(Collected data)
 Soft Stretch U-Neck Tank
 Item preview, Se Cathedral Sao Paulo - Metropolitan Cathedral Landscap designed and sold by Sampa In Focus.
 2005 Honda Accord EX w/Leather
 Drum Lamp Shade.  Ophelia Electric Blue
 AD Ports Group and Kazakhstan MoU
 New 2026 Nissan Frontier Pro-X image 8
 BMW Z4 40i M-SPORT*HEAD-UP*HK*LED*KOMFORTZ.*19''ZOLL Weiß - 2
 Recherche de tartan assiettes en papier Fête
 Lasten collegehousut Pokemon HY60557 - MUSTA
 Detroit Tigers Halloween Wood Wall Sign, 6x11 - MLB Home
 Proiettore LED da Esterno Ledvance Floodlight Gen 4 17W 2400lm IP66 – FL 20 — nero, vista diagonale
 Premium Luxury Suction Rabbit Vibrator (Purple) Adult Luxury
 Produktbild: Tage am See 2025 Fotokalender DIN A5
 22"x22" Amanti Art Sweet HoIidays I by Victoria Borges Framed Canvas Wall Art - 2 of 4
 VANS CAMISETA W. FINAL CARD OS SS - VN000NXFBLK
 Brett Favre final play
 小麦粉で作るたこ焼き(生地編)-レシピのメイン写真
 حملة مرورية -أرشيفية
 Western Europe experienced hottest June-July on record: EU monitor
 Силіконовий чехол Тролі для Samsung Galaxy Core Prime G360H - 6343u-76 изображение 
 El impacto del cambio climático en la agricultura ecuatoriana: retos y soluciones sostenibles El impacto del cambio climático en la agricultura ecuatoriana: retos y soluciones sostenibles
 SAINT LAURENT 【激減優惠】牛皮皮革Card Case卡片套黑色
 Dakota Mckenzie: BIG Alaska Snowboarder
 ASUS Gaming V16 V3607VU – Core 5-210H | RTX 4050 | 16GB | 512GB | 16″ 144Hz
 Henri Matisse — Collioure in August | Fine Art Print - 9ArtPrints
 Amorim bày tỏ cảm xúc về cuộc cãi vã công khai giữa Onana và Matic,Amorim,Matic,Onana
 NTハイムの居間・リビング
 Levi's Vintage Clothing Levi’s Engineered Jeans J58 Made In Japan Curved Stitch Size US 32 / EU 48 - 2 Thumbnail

- [Task to complete]: Out of the records above, pull the lines that include the word "Wall".

- [Written solution]:
 Detroit Tigers Halloween Wood Wall Sign, 6x11 - MLB Home
 22"x22" Amanti Art Sweet HoIidays I by Victoria Borges Framed Canvas Wall Art - 2 of 4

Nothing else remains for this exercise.